= Denys Kireyev =

Ukrainian banker and intelligence officer (1977–2022)

Denys Kireyev (Денис Борисович Кірєєв; 1 January 1977 – 5 March 2022) was a Ukrainian banker and intelligence officer.

On 23 February 2022, Kireyev obtained information that Antonov Airport would be the site of the main attack of the 2022 Russian invasion of Ukraine, which allowed Ukraine to repel the initial assault on the airport and damage it heavily enough that it could not be used by Russia. Following the invasion on 24 February, he joined the 28 February peace negotiations in Gomel, Belarus. He was killed a week later by the Security Service of Ukraine (SBU). Kireyev was supposed to participate in the next round of peace talks in Belarus on March 3.

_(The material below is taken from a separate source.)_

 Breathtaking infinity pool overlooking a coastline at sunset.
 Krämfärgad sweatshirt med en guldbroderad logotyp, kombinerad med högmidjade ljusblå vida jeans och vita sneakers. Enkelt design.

According to Kyrylo Budanov, chief of the Main Directorate of Intelligence of the Ministry of Defense of Ukraine (GUR), if it was not for the information given by Kireyev, Kyiv would have probably fallen.

== Banking career ==

In 2010–2014, he was First Deputy Chairman of the Board of Oschadbank, and prior to that he was a member of the supervisory board of Ukreximbank. He also worked for Citibank, Credit Lyonnais, ING Group, and Rabobank.

== Death ==
Kireyev died on 5 March 2022. According to preliminary reports in Russian and Ukrainian media, he was suspected of working as a double agent for Russia and was killed by the Security Service of Ukraine (SBU) that waited for him under his house and dispatched him with a shot to his head. According to these reports, he was suspected of treason, and the SBU held records of telephone conversations as evidence. The Ukrainian Ministry of Defence's Directorate of Intelligence subsequently confirmed Kireyev's death in a Facebook post, but asserted that he was an intelligence operative for Ukraine who died in the line of duty on a "special mission."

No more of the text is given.